A suite of NLP tools for Greek
Άρθρο σε πρακτικά
|Προκόπης Προκοπίδης; Βύρων Γεωργαντόπουλος; Χάρης Παπαγεωργίου
|The 10th International Conference of Greek Linguistics
The vast amount of electronically available textual data constitutes a wealth of information for both researchers and application developers. On the other hand, the overwhelmingly big datasets of today ask for robust and efficient processing tools. While a variety of relevant processors exist for well-resourced languages like English, it is often difficult to find similar tools for texts in less-spoken languages. In this paper we provide an overview of natural language technologies available from the Institute for Language and Speech Processing. This NLP suite is unique for the Greek language and comprises a series of processing units based on both machine learning algorithms and rule-based approaches. We report on updated versions of tools and, taking into account latest developments in this field, on new processors that we have implemented, together with the resources we created for their training and evaluation.
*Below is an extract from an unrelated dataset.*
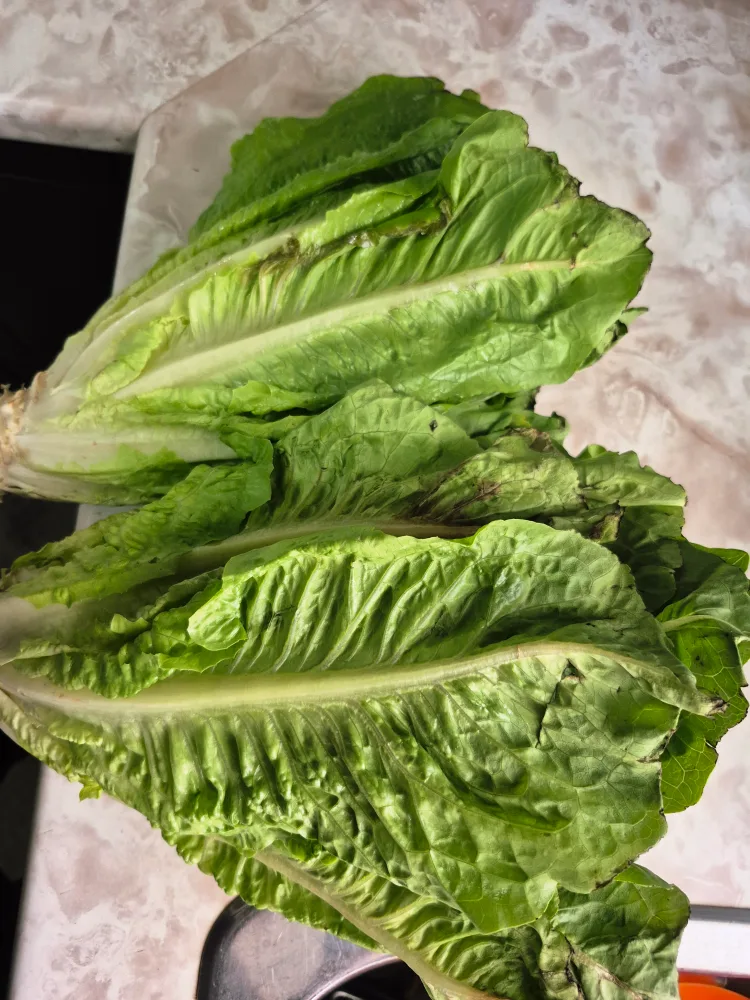 food items image indicator(2)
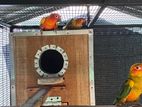Sun Conure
Our infrastructure can be used by researchers interested in studying linguistic properties of the Greek language. At the same time, it can be employed in application scenarios involving fast processing of large document collections. The paper is organized as follows. Section 2 discusses detection of paragraph, sentence and token boundaries in input text. Modules presented in Section 3 assign POS tags and lemmas to tokens. Section 4 presents a dependency treebank for training data-driven parsers. A term spotting algorithm is discussed in Section 5. Sections 6 and 7 focus on modules for sentence compression and text summarization. In Section 8, we discuss integration and use of the tools via standards-compliant web services.